*** GIVEN INFORMATION Section Begins ***

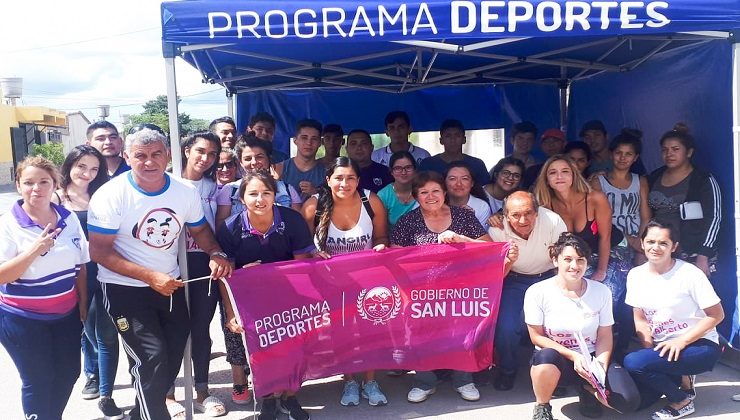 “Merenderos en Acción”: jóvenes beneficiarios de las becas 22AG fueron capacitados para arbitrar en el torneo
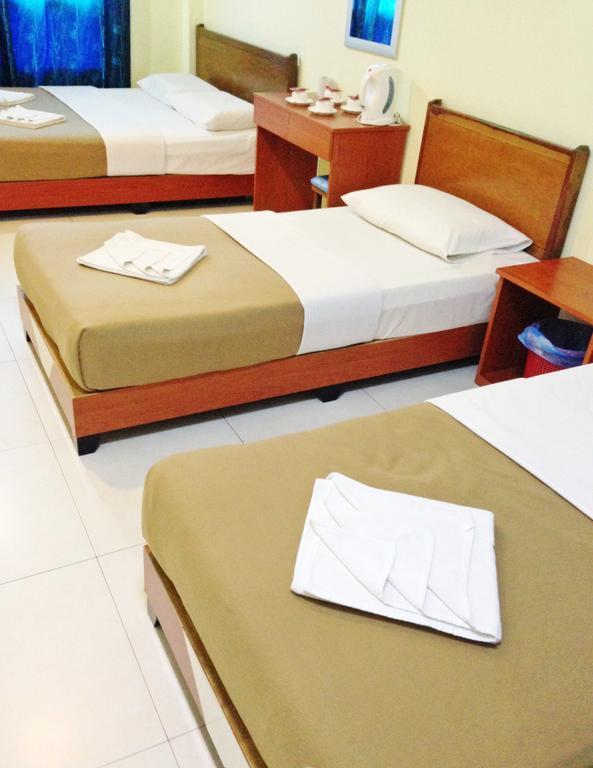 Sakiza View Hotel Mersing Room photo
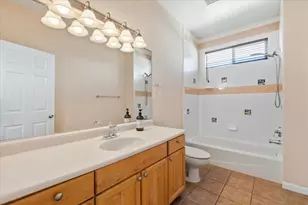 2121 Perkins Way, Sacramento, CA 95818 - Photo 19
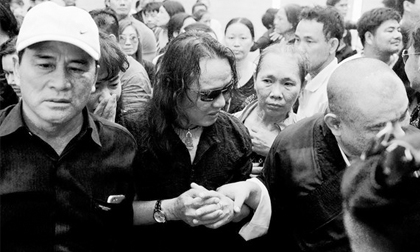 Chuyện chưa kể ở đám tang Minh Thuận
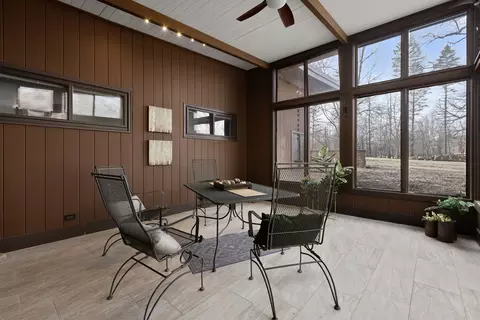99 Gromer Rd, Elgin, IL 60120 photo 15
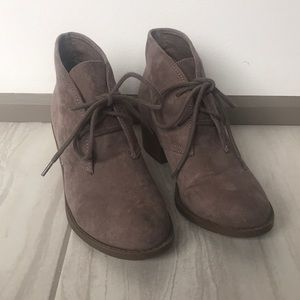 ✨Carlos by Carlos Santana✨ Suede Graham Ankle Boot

*** GIVEN INFORMATION Section Ends ***
*** GIVEN INFORMATION Section Begins ***

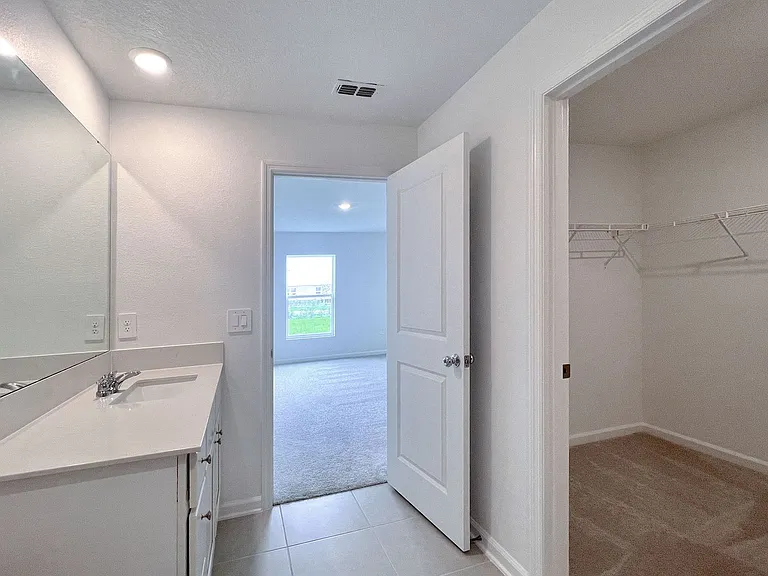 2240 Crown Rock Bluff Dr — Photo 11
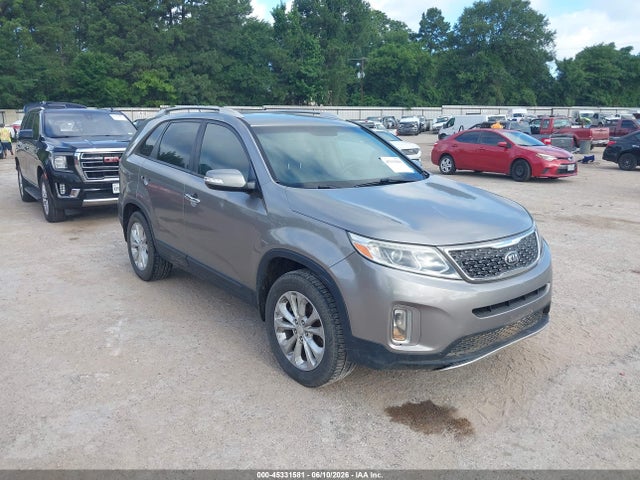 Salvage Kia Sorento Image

*** GIVEN INFORMATION Section Ends ***

> [WHAT YOU SHOULD DO] From the listing above, please give again the lines that begin with the line holding "99 Gromer Rd, Elgin, IL 60120 photo 15" and go on through the line holding "Graham Ankle Boot", exactly, both ends included, minus any picture.

> [RESULT FOR THIS EXERCISE]
99 Gromer Rd, Elgin, IL 60120 photo 15
 ✨Carlos by Carlos Santana✨ Suede Graham Ankle Boot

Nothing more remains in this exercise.